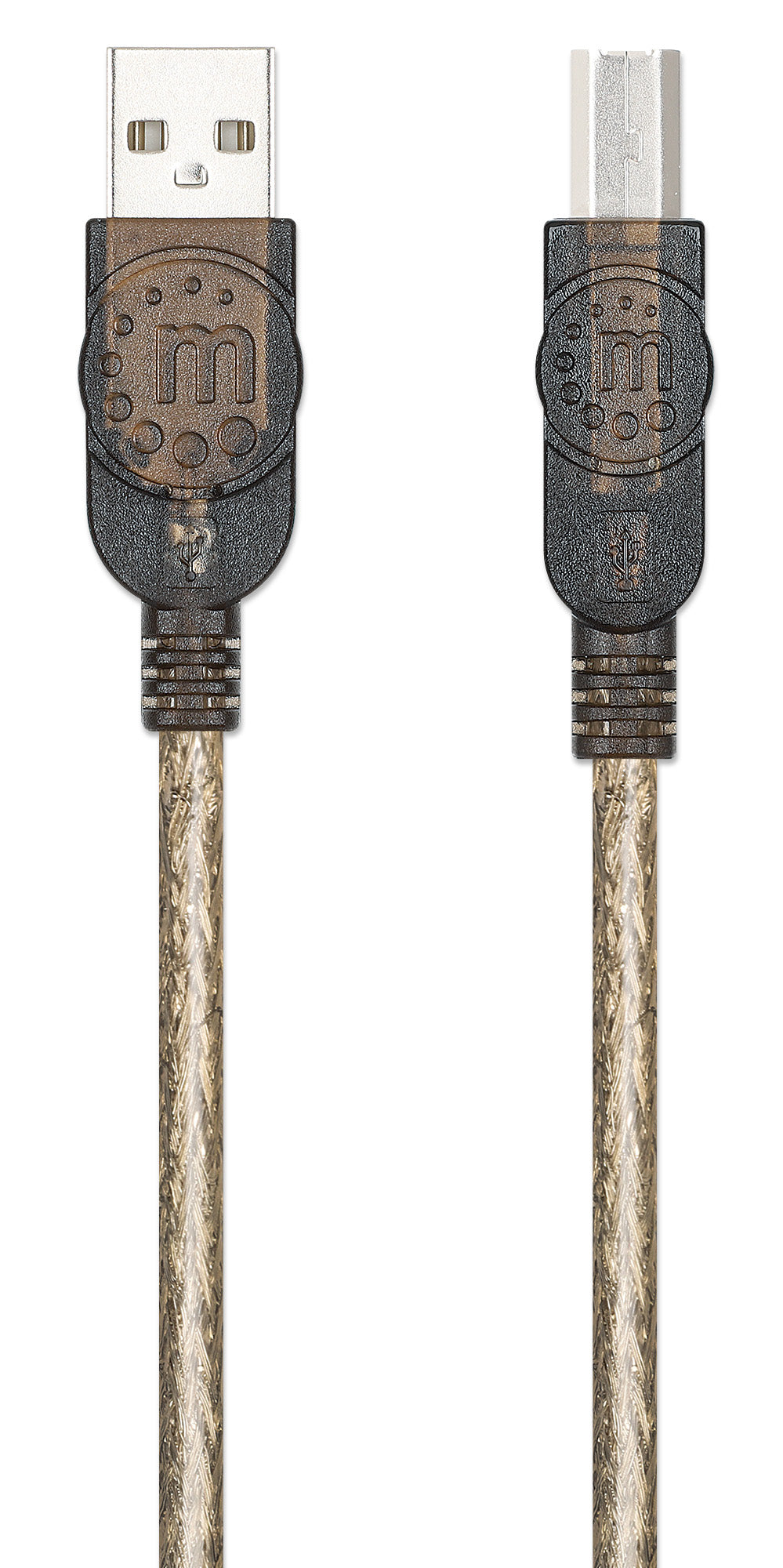 USB 2.0 Active Cable Image 6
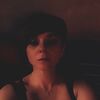 Irusha, 43, г.Шахты Irusha, 43, г.Шахты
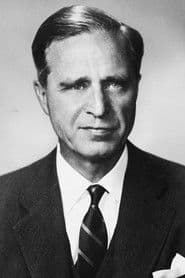 Prescott Bush
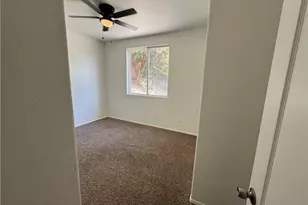 17292 Sierra Sunrise Ln, Canyon Country, CA 91387 - Photo 23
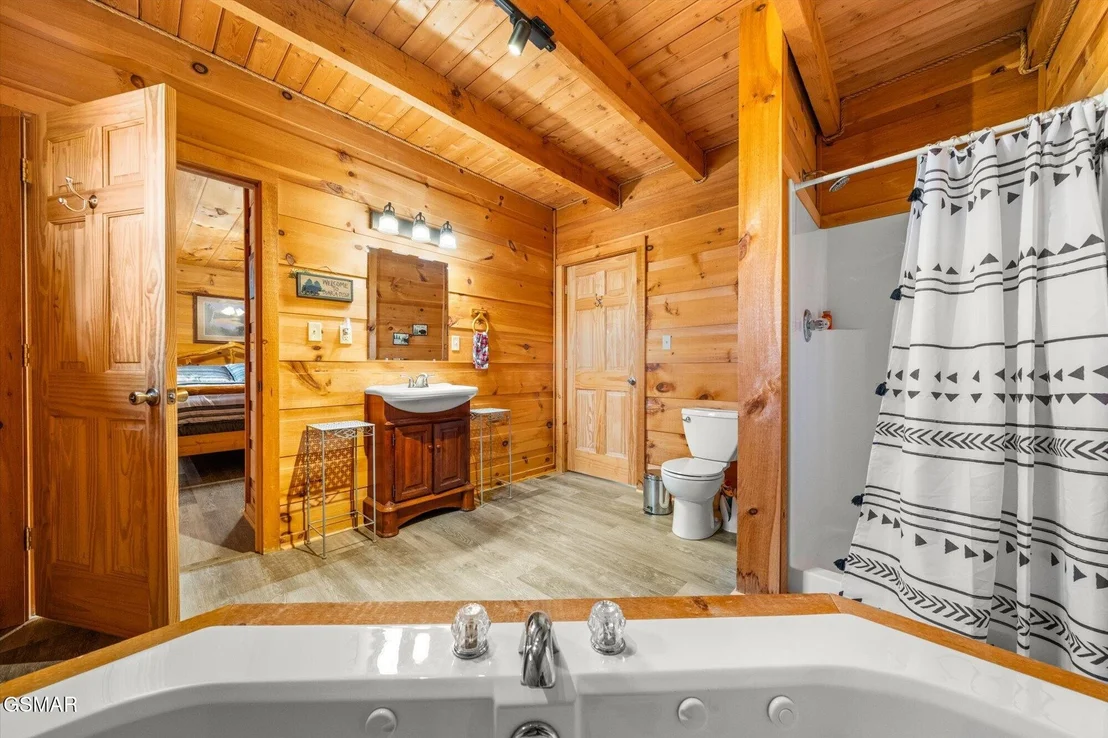 Photo of 3216 Emerald Springs Loop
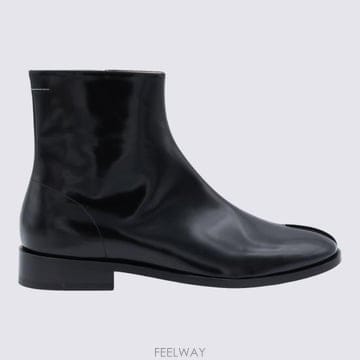 MM6 26FW MM6 �������������� ���� SH1WU0011 P7137T8013 Black26FW MM6 �������������� ���� SH1WU0011 P7137T8013 Blac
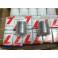 100% Japanese NB linear guideway slider SMSTC12UU 4-6 inquiry about price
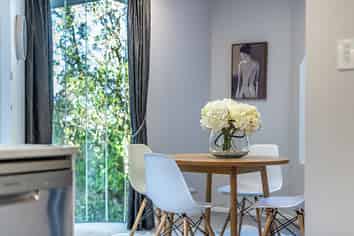 18 Kimberley Way, Khandallah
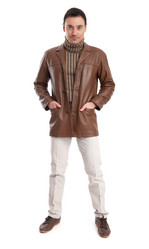 Similar image 6713734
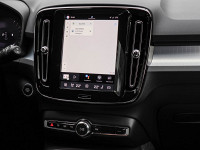 Volvo XC40 B3 (B) - SUV/Off-road - Grau - Gebrauchtwagen - Bild 9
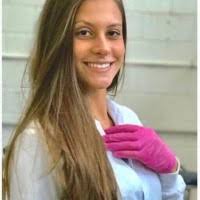 80+ "De Saad" profiles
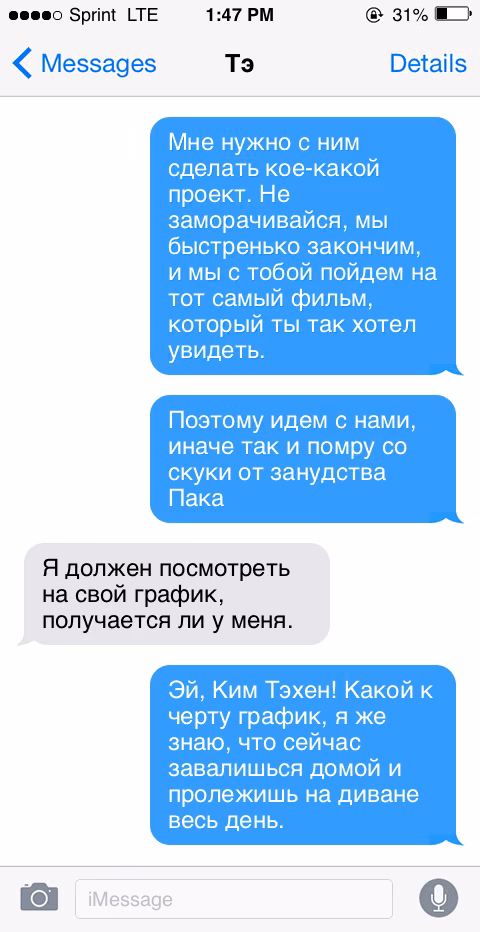 5f2cf1a2d224cec9d75a3ed349e62fb2.avif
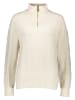 Helly Hansen Pullover "St. Moritz 2.0" in Creme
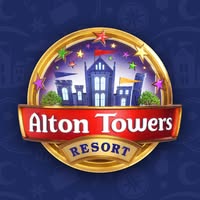 Alton Towers Emails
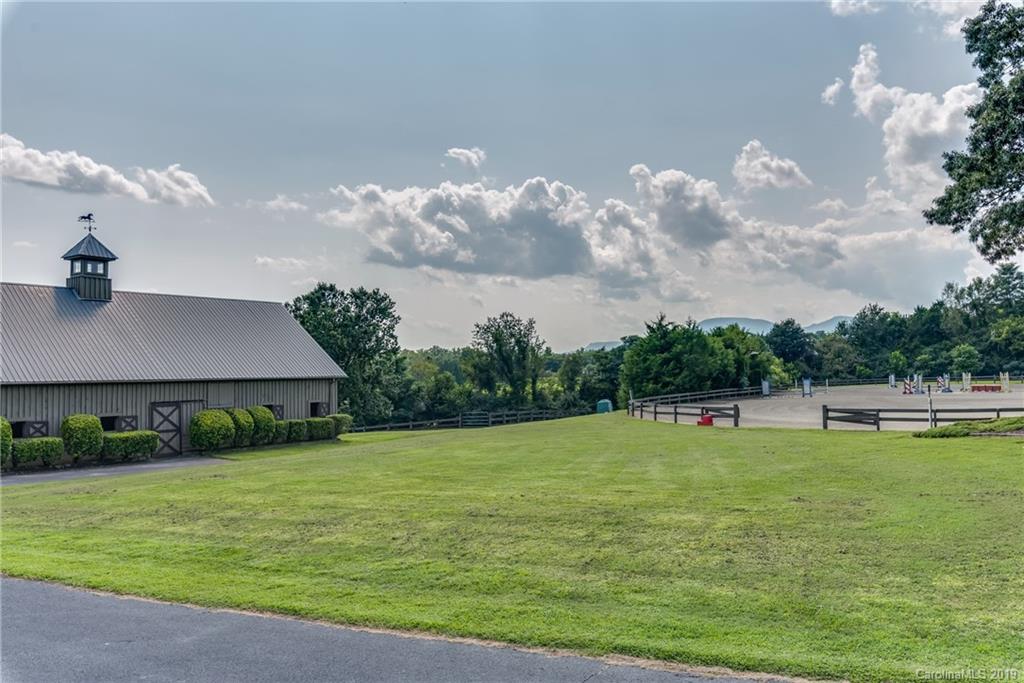 4160 Hunting Country Road Landrum, SC 29356 - Photo 47 of 48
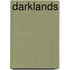 Darklands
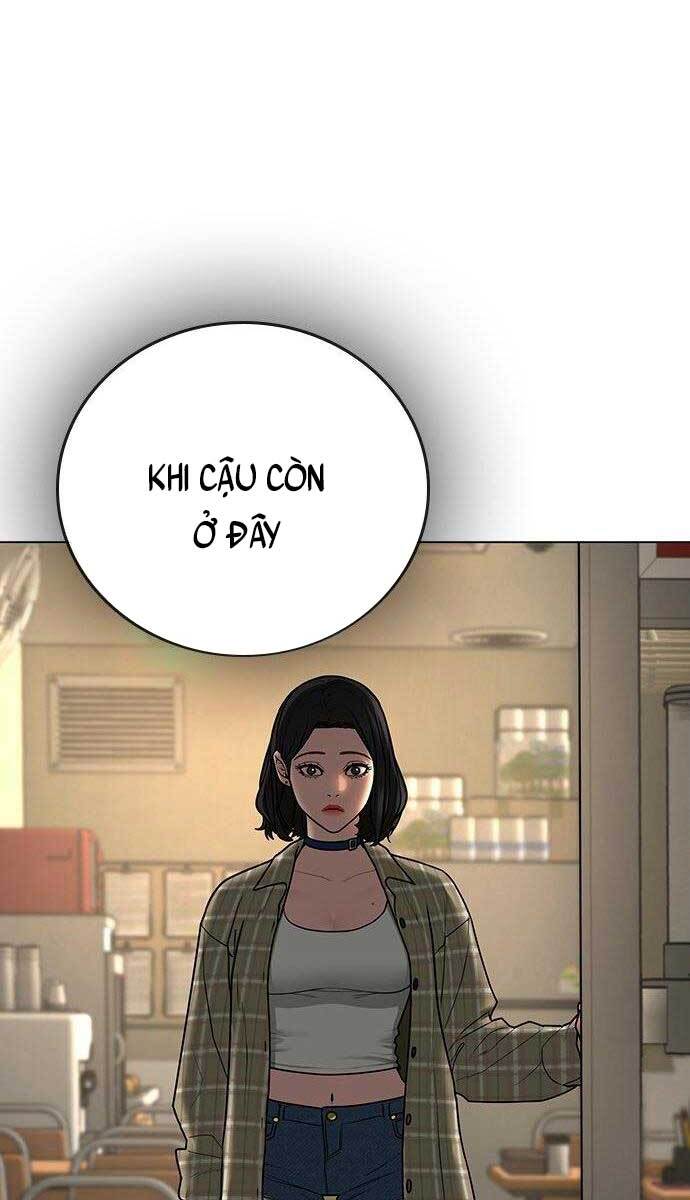 Nhiệm Vụ Đời Thật Chapter 59 - 59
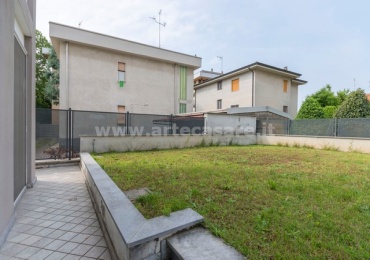 Saronno, Lombardia, 2 Stanze da Letto Stanze da Letto, 3 Stanze Stanze,2 BathroomsBathrooms,Appartamento,Vendita Usato,0,3523 Saronno, Lombardia, 2 Stanze da Letto Stanze da Letto, 3 Stanze Stanze,2 BathroomsBathrooms,Appartamento,Vendita Usato,0,3523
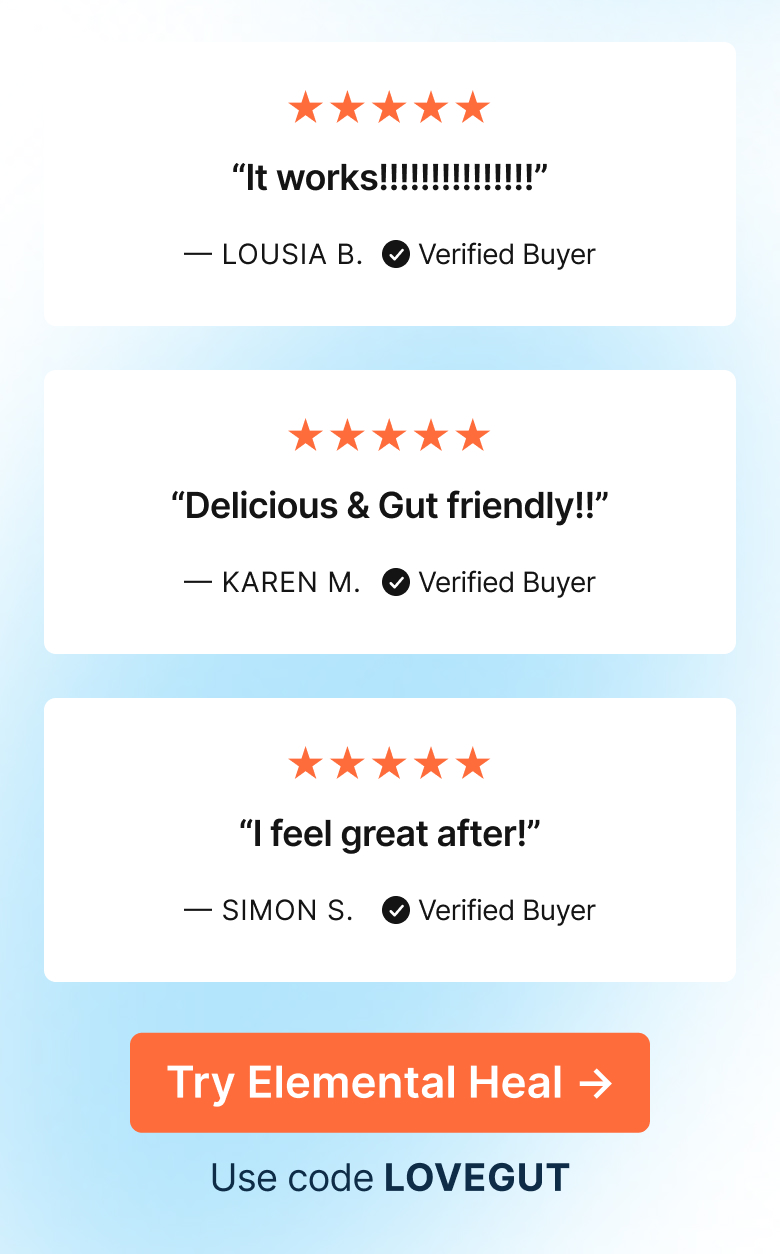 This is your final chance to save.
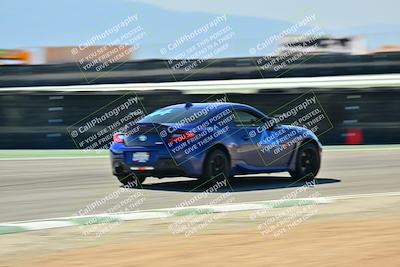 media/Sep-28-2025-Speed Ventures (Sun) [[cf5fbece84]]/Black group/Turn 9 and 3 enter/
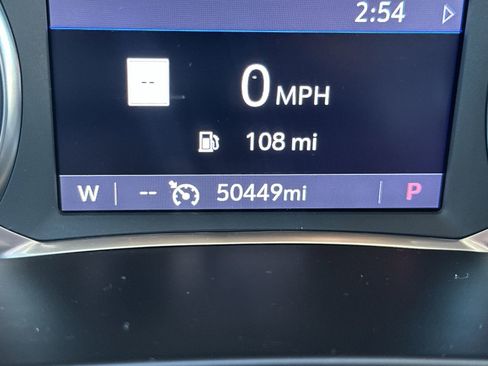 Certified 2022 Chevrolet Blazer LT w/ Sound & Technology Package image 24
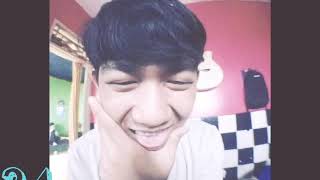 Download Lagu tinky winky  taken MP3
-- -- --
**What you will do:** I need the lines from the line holding "5f2cf1a2d224cec9d75a3ed349e62fb2.avif" through the end of the material, inclusive, restated word for word and without pictures.

**Solution to this exercise:**
 5f2cf1a2d224cec9d75a3ed349e62fb2.avif
 Helly Hansen Pullover "St. Moritz 2.0" in Creme
 Alton Towers Emails
 4160 Hunting Country Road Landrum, SC 29356 - Photo 47 of 48
 Darklands
 Nhiệm Vụ Đời Thật Chapter 59 - 59
 Saronno, Lombardia, 2 Stanze da Letto Stanze da Letto, 3 Stanze Stanze,2 BathroomsBathrooms,Appartamento,Vendita Usato,0,3523 Saronno, Lombardia, 2 Stanze da Letto Stanze da Letto, 3 Stanze Stanze,2 BathroomsBathrooms,Appartamento,Vendita Usato,0,3523
 This is your final chance to save.
 media/Sep-28-2025-Speed Ventures (Sun) [[cf5fbece84]]/Black group/Turn 9 and 3 enter/
 Certified 2022 Chevrolet Blazer LT w/ Sound & Technology Package image 24
 Download Lagu tinky winky  taken MP3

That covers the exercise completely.